In an information system, the structure of this information is not together as a comprehensive

document, but instead as fragments of related data that connected via “keys”. All of these issues as to
the nature of a document must be addressed via retention policies to ensure the proper portions of data
are disposed of when appropriate.

What is retention
Retention is the entire lifecycle of content on persistent media. The concept of retention must include
the eventual destruction of the content from the media and potentially the destruction of the media
itself when no longer viable for re-use. For the media itself, retention must also cover applicable reuse
of the media once the content it contained is disposed of. For paper, this must include scenarios such as
secondary use of paper for fax machines. It is obviously critical to ensure that sensitive documents
printed on paper are not re-used for fax paper once out of date.
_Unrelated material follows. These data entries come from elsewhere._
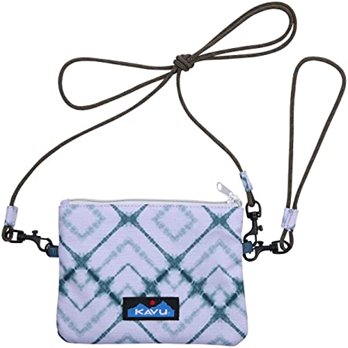 Kavu Ocean Dye Renrose 3-in-1 Wristlet/Crossbody Pouch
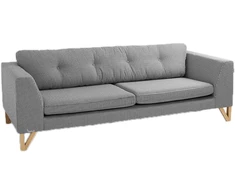 Customform Sofa, TOPIC, 88x162 cm, Juoda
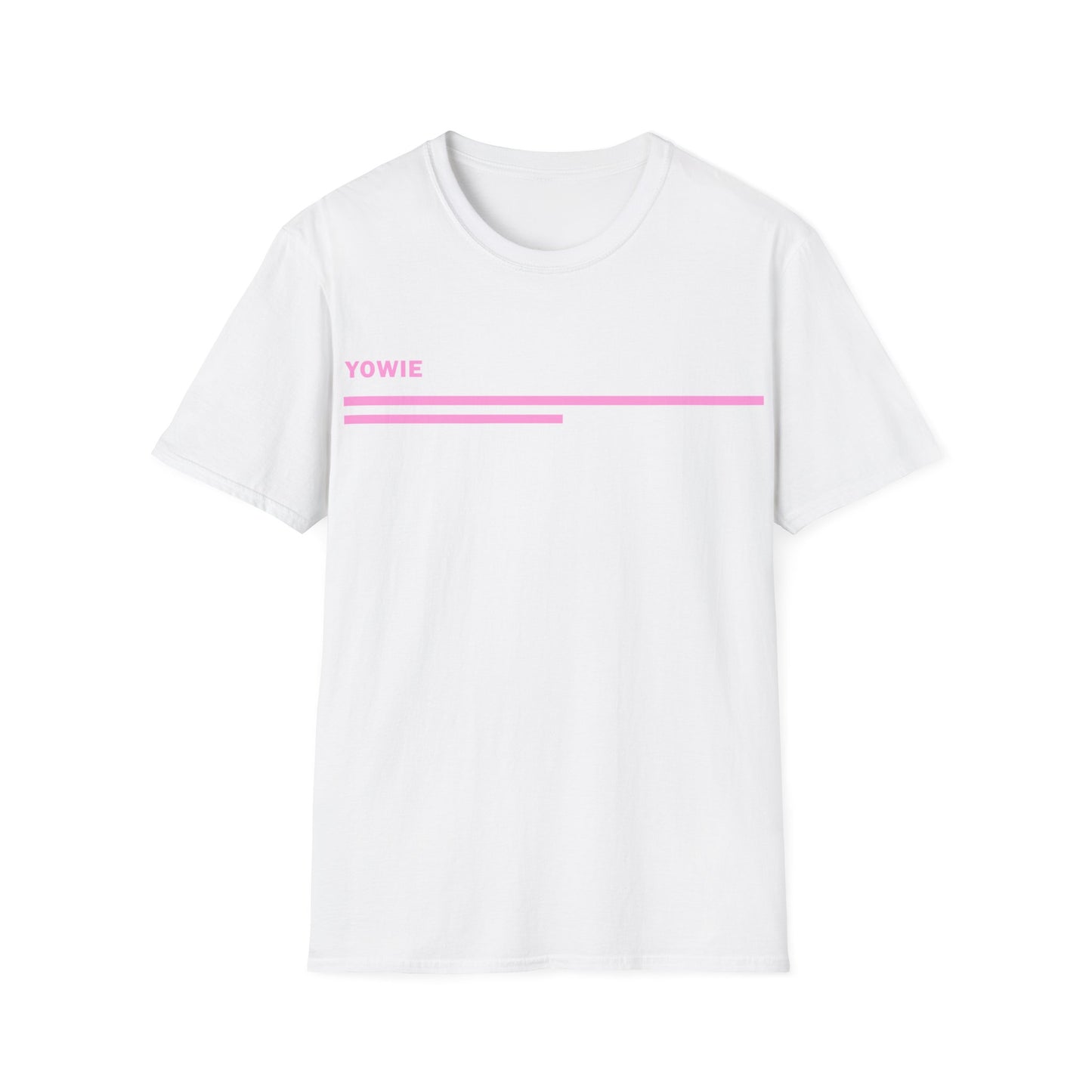 Pink YOWIE Unisex Soft style Tee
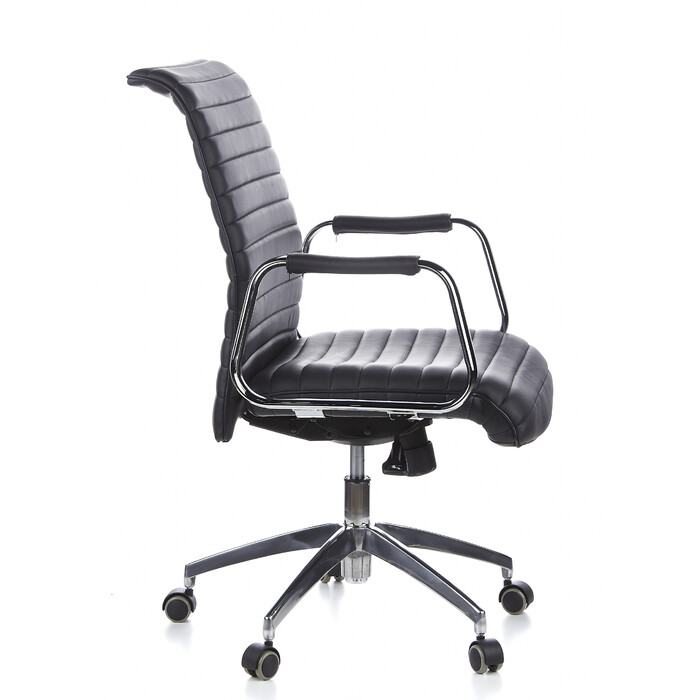 Крісло офісне ASPERA 10 Nappa Leather Black hjh OFFICE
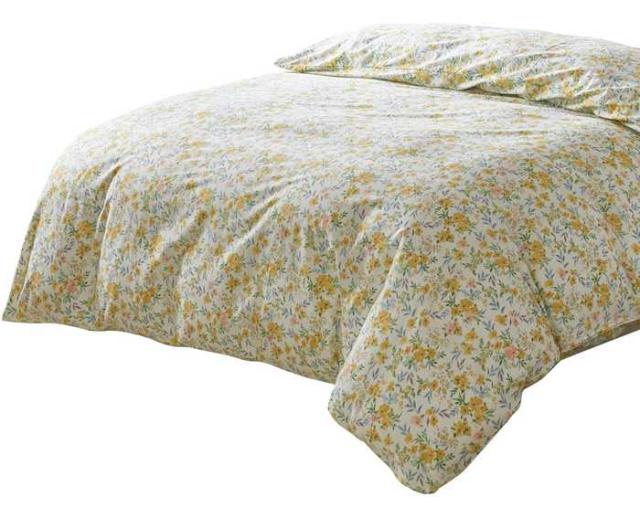 YOYOSTAR 掛けふとんカバー シングル 150x210cm 綿100% リバーシブル 掛けカバー エレガント 小花柄 おしゃれ 速乾 通気 単品売り 防ダニの通販は 5,015円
All of the practices regarding keeping, re-using and disposal of content and media are within the scope
of content retention. Since the coupling of retention is so tight with the practices of management of
content, the two areas are largely interchangeable, though management also involves other practices as
well.

Backups and Continuity of Operations (COOP) is not retention

There is a critical distinction between retention of content and disaster recovery. In general, any
disaster recovery or continuity practices are separate from retention practices. However, it is critical to
understand that disaster recovery content is still subject to use by enforcement agencies as a source of
data. Given this point, it is critical to include such content in the retention planning process to ensure
proper destruction of such content to prevent secondary avenues of data exploitation.

All evaluation of all content must be on an even and level playing field to ensure proper handling and
disposition. Overall, any information can illustrate both good and bad points depending upon who has
the information and how they attained that information. Therefore, it is quite important that all
information that can be disposed of be disposed of as soon as possible to minimize the potential liability.
This includes the destruction of information on backup and COOP media in addition to all production
media. Backup usage and planning should also consider this and forbid the use of backups as a standard
mechanism of restoring content due to use fault. This practice would count as an accepted form of
content retrieval and thereby make backups considered production media as well. Backup and COOP
content must be restricted to use during disasters resulting in hardware failure only as part of the
retention plan.

Configuration and Content Management (CM)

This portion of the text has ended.